_Exercise details_. Without carrying over a single picture, write out the records below exactly.

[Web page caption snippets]
_ _ _ _

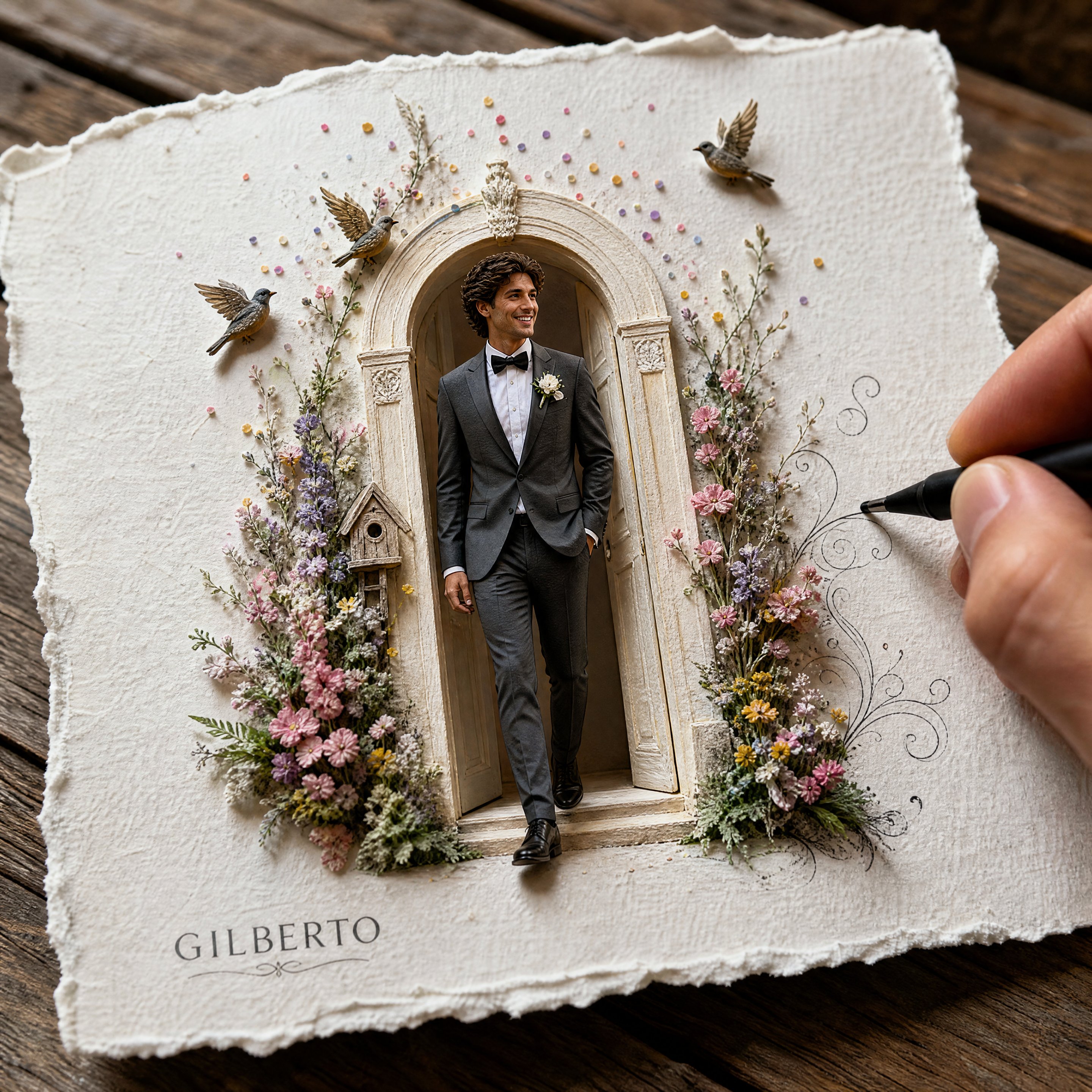 3D纸艺新娘雕塑日落 — AI image prompt — GPT Image 2 — Character, 3D Render, Fantasy - 2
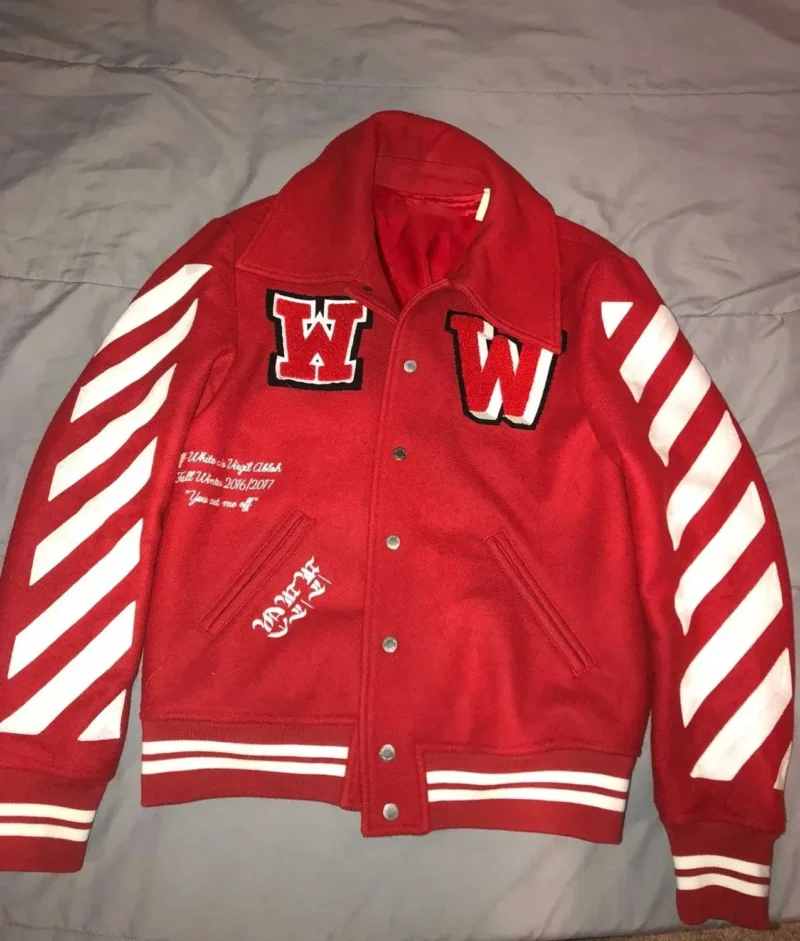 Varsity Off White Red Wool Jacket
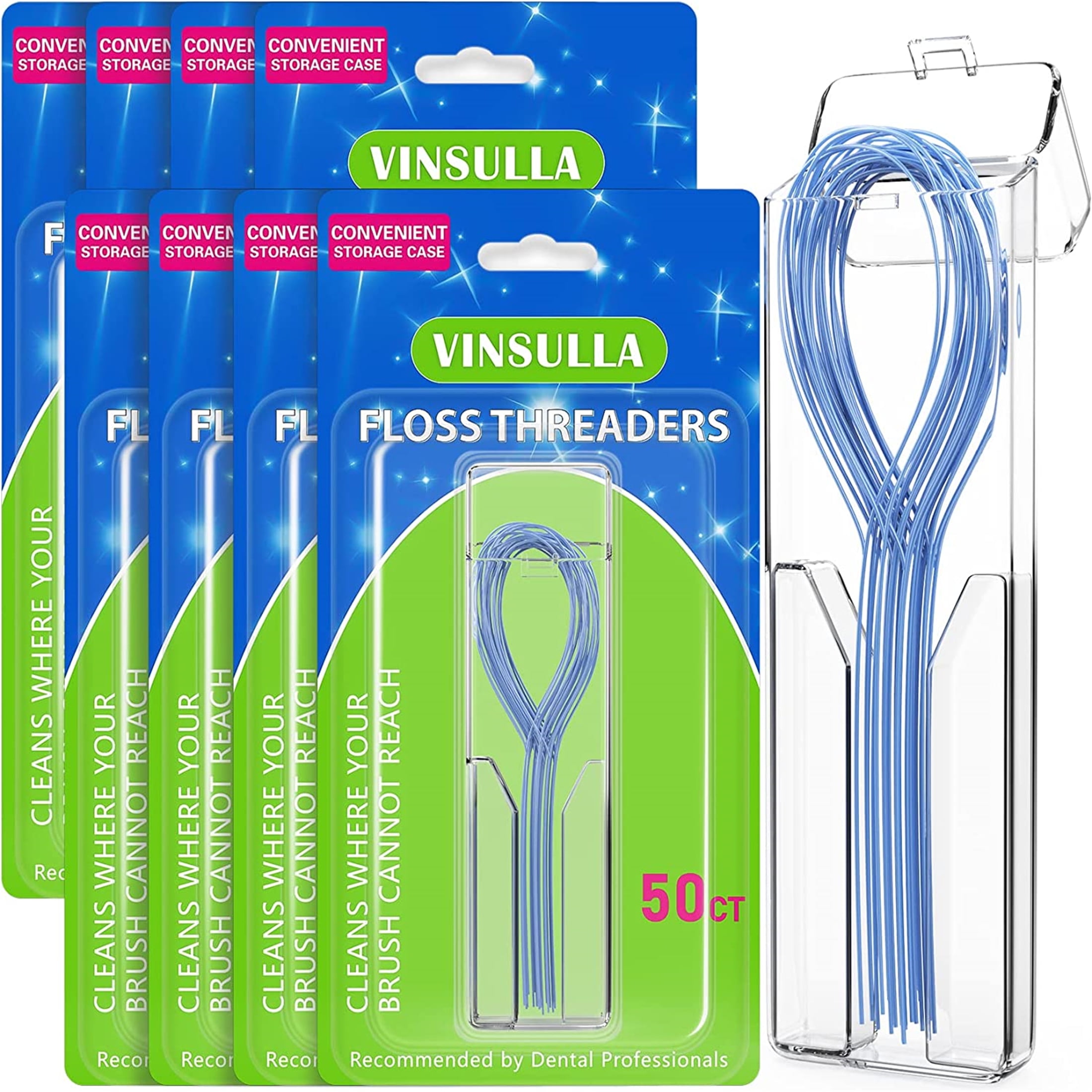 Floss Threaders for Braces, Bridges, and Implants 400 Count (Pack of 8 ...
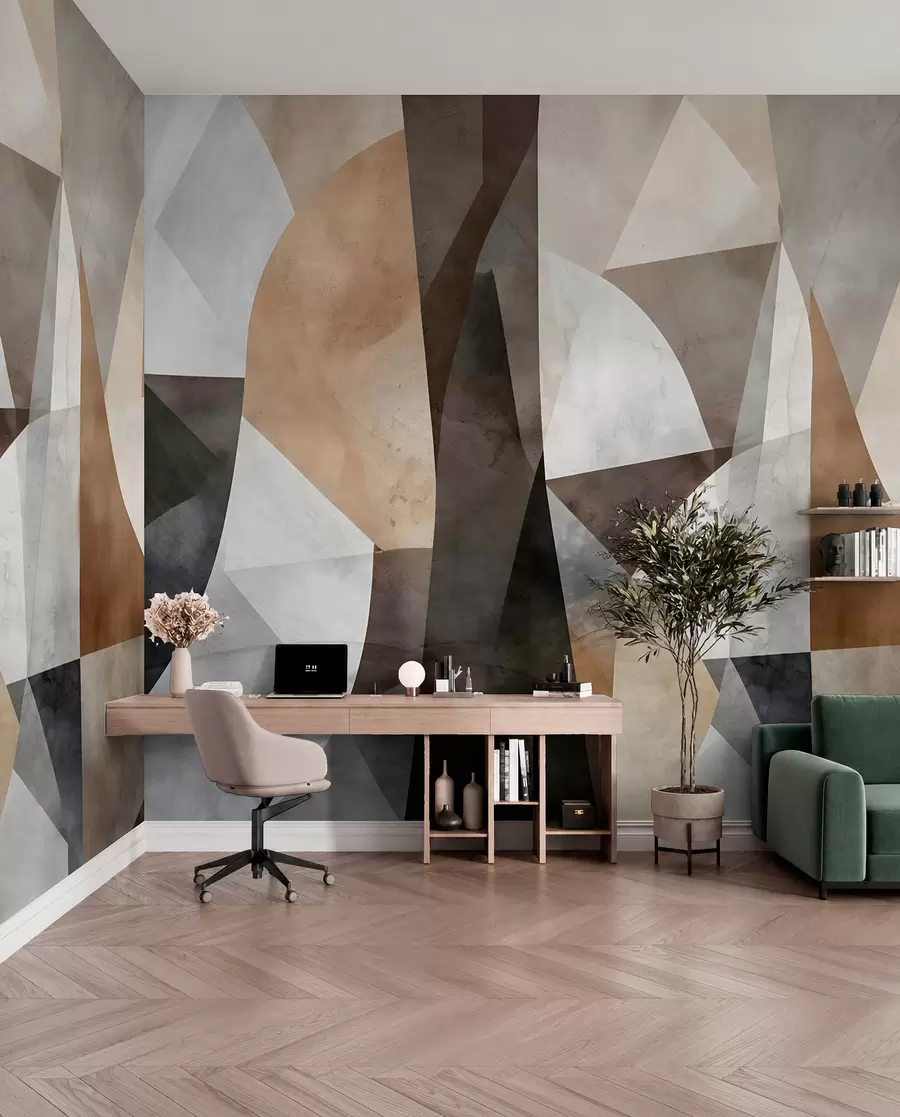 Fototapete Abstrakte moderne Kunst texturierte geometrische Formen in Braun-, Grau- und Beigetönen w08530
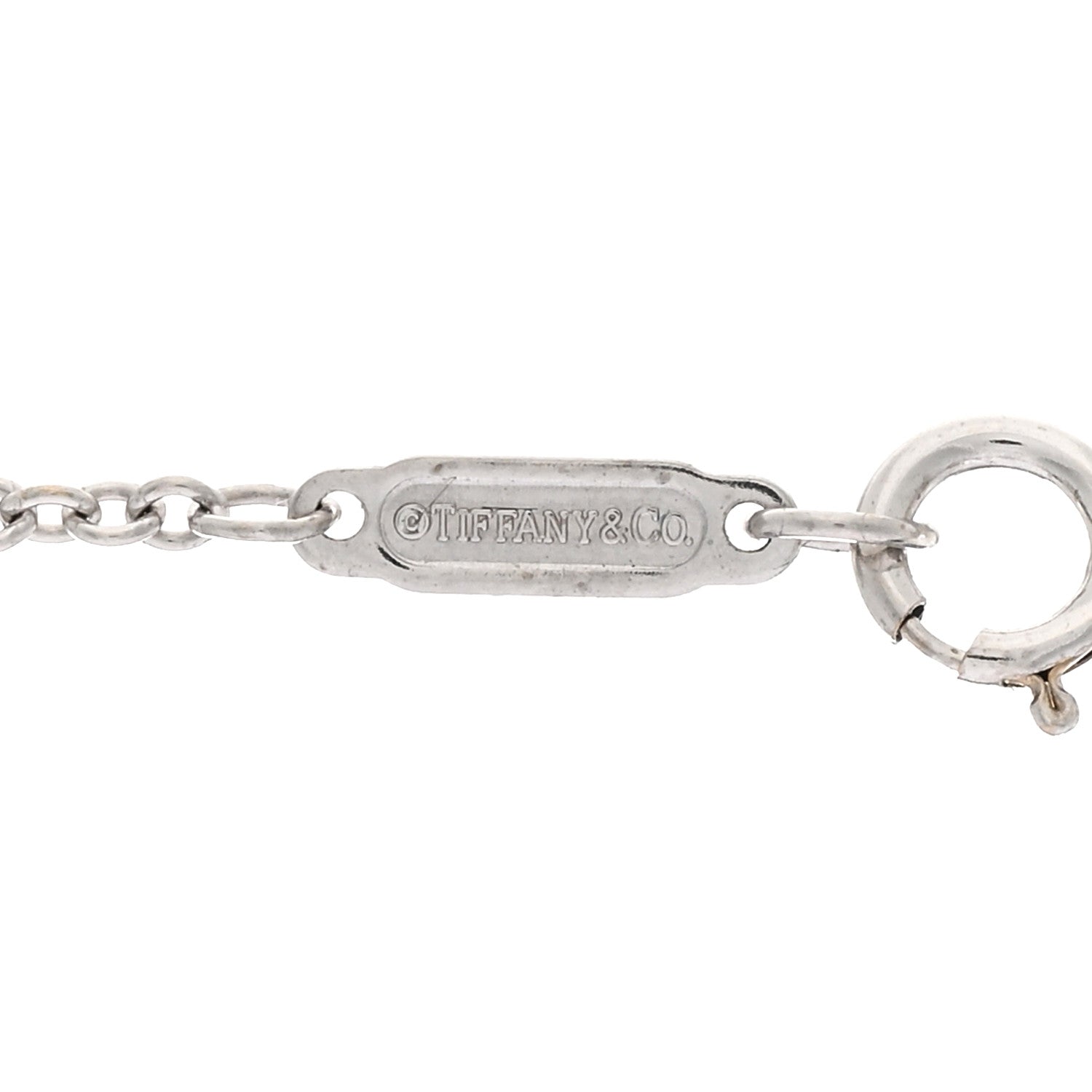 Tiffany 18K White Gold Diamond Mini Heart Key Charm Pendant Link Necklace 4 of 5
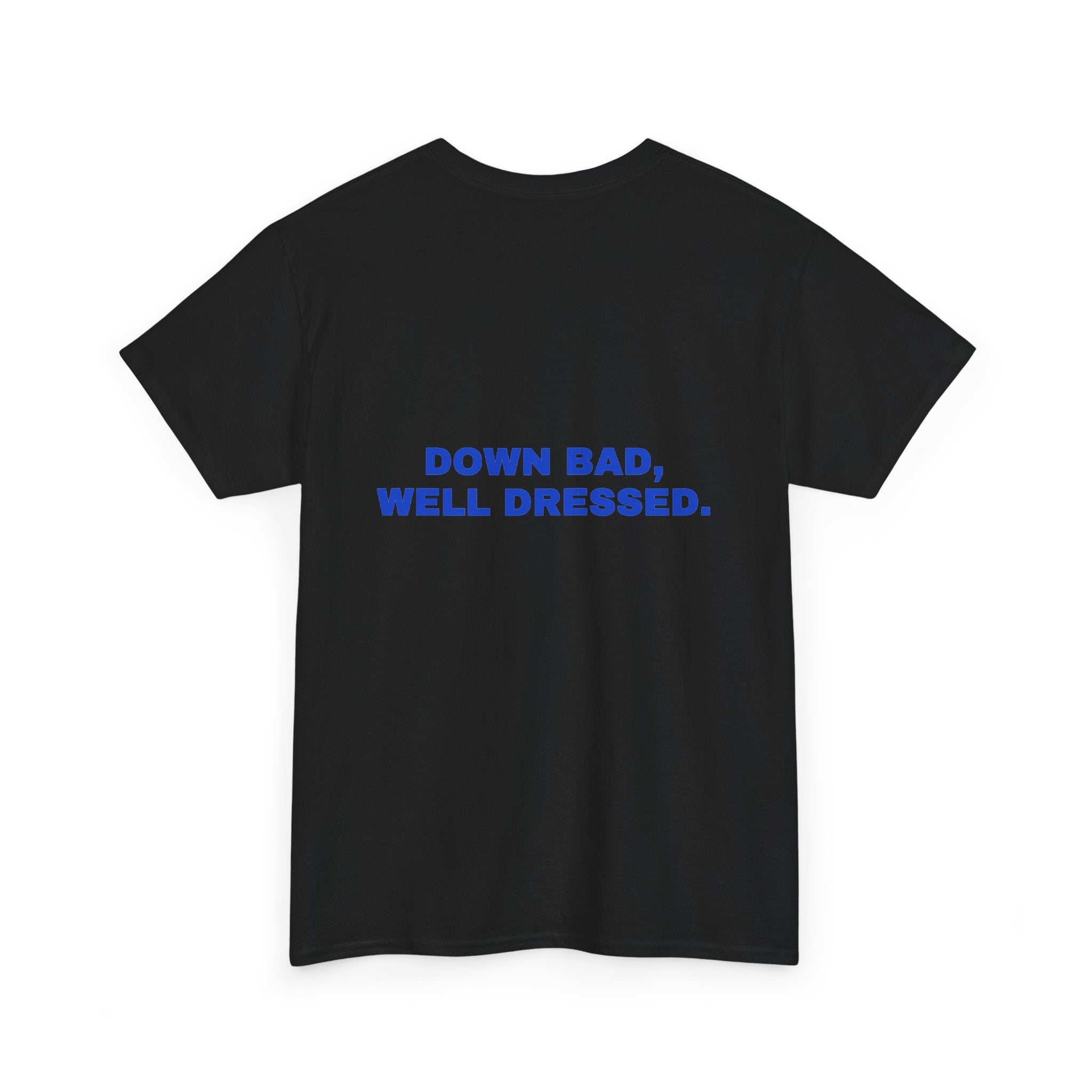 Down bad, well dressed. Cobalt print (dark)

_ _ _ _

_Exercise result_.
 3D纸艺新娘雕塑日落 — AI image prompt — GPT Image 2 — Character, 3D Render, Fantasy - 2
 Varsity Off White Red Wool Jacket
 Floss Threaders for Braces, Bridges, and Implants 400 Count (Pack of 8 ...
 Fototapete Abstrakte moderne Kunst texturierte geometrische Formen in Braun-, Grau- und Beigetönen w08530
 Tiffany 18K White Gold Diamond Mini Heart Key Charm Pendant Link Necklace 4 of 5
 Down bad, well dressed. Cobalt print (dark)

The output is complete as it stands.